* AIM OF THE EXERCISE
Every line from the one containing "Cut River Bridge im Herbst" to the end of the data below should be copied exactly, but pictures should not.

*** EXTRACTED ENTRIES ***

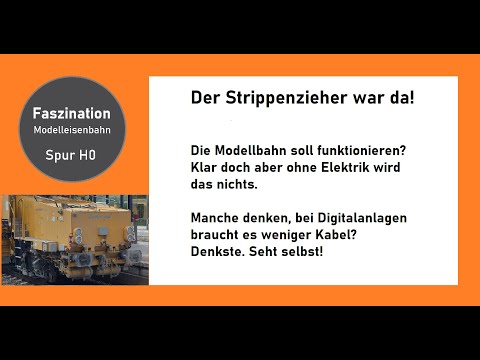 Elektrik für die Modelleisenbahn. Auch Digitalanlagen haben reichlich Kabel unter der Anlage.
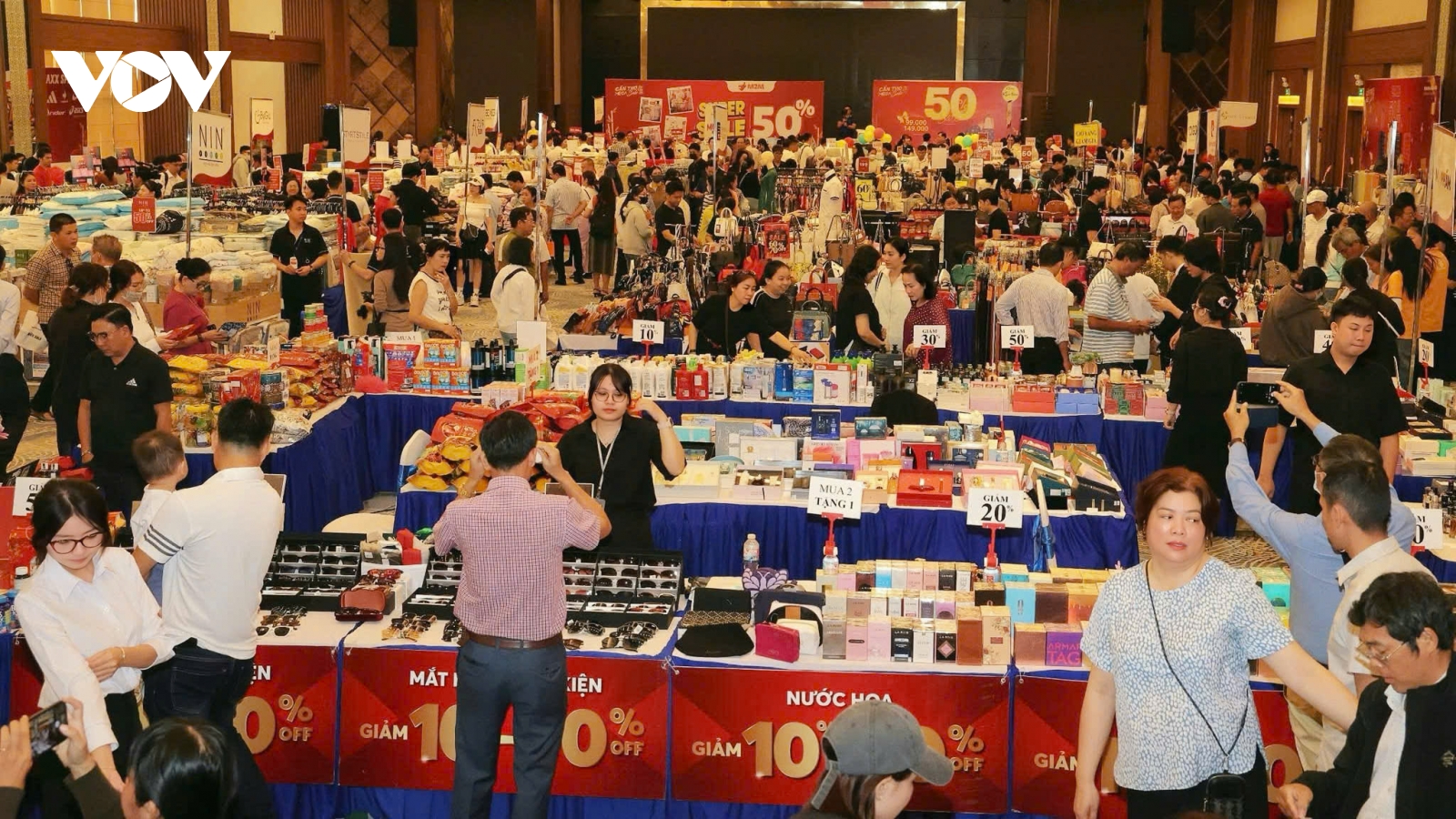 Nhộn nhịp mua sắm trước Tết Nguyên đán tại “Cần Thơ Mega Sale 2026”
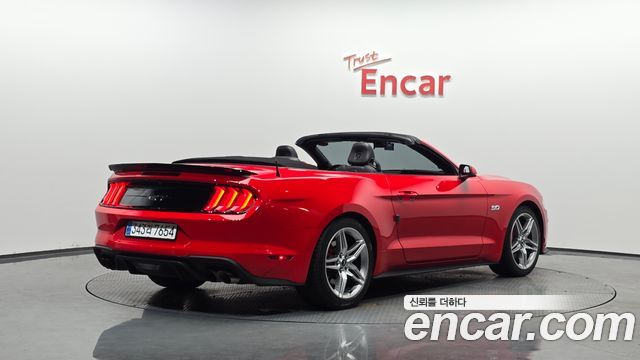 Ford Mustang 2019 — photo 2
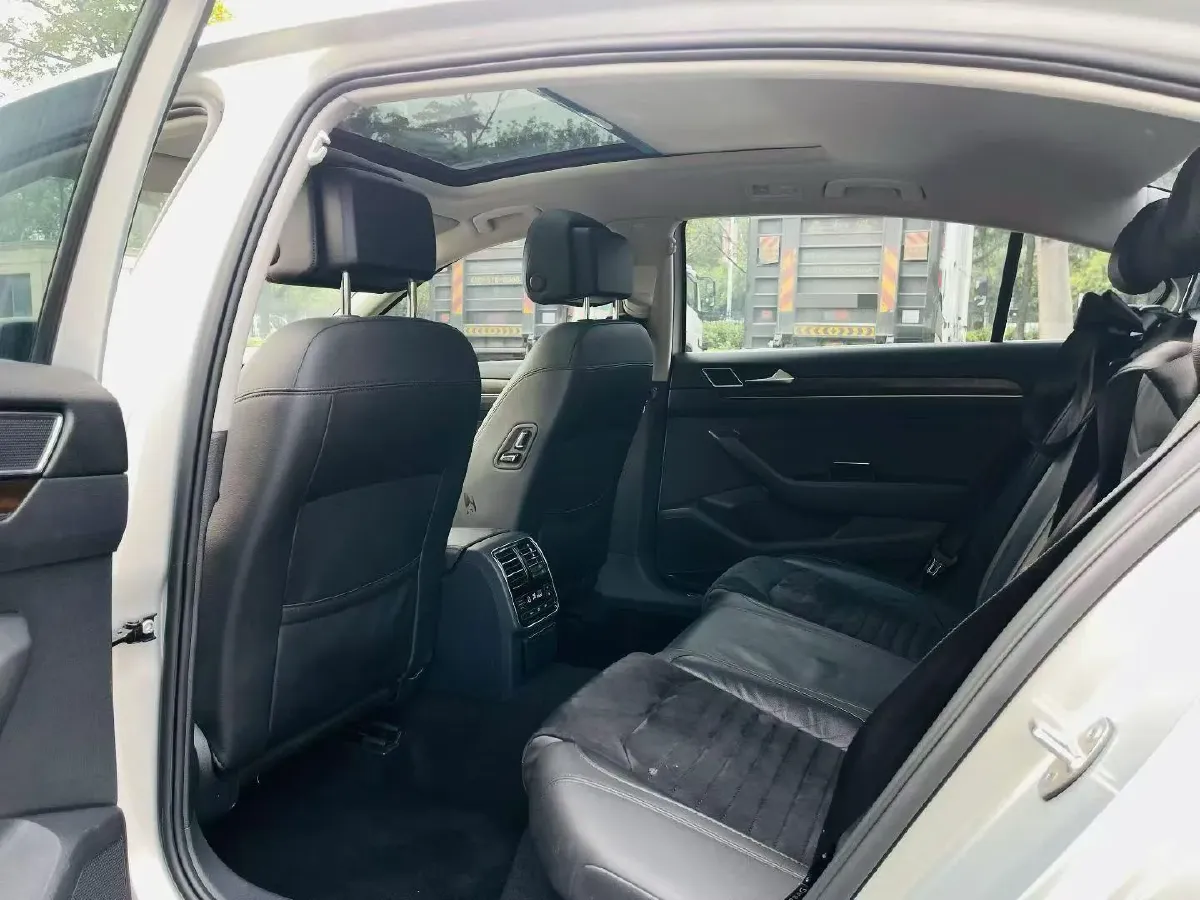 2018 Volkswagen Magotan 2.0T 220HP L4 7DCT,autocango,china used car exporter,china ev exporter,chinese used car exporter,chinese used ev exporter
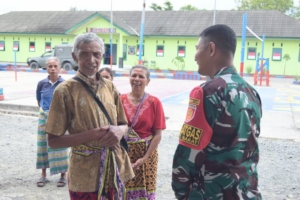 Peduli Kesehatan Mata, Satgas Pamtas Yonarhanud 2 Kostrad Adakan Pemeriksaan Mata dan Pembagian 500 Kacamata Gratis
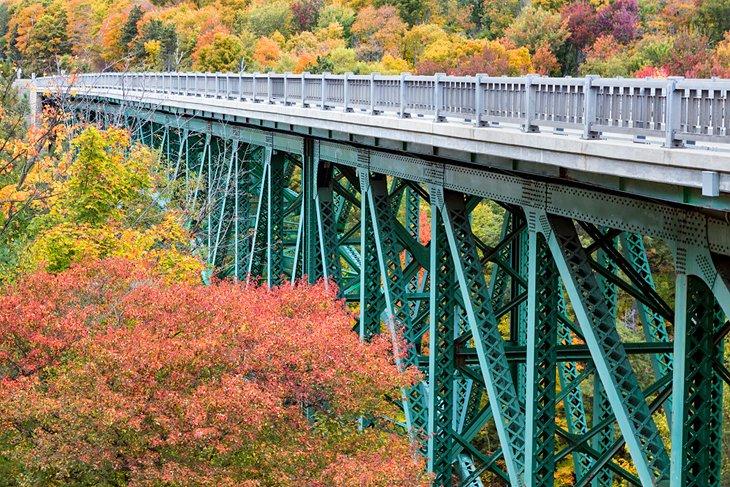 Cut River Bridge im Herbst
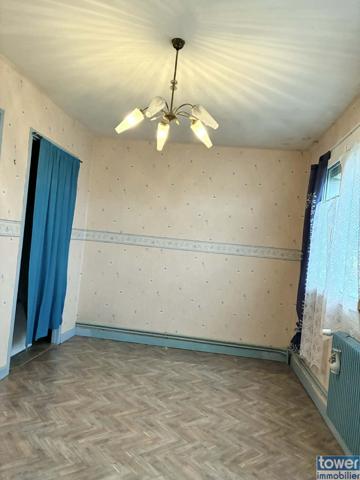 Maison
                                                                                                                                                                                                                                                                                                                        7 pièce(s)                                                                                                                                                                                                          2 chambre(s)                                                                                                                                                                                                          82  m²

***

* RESULT BELOW
 Cut River Bridge im Herbst
 Maison
                                                                                                                                                                                                                                                                                                                        7 pièce(s)                                                                                                                                                                                                          2 chambre(s)                                                                                                                                                                                                          82  m²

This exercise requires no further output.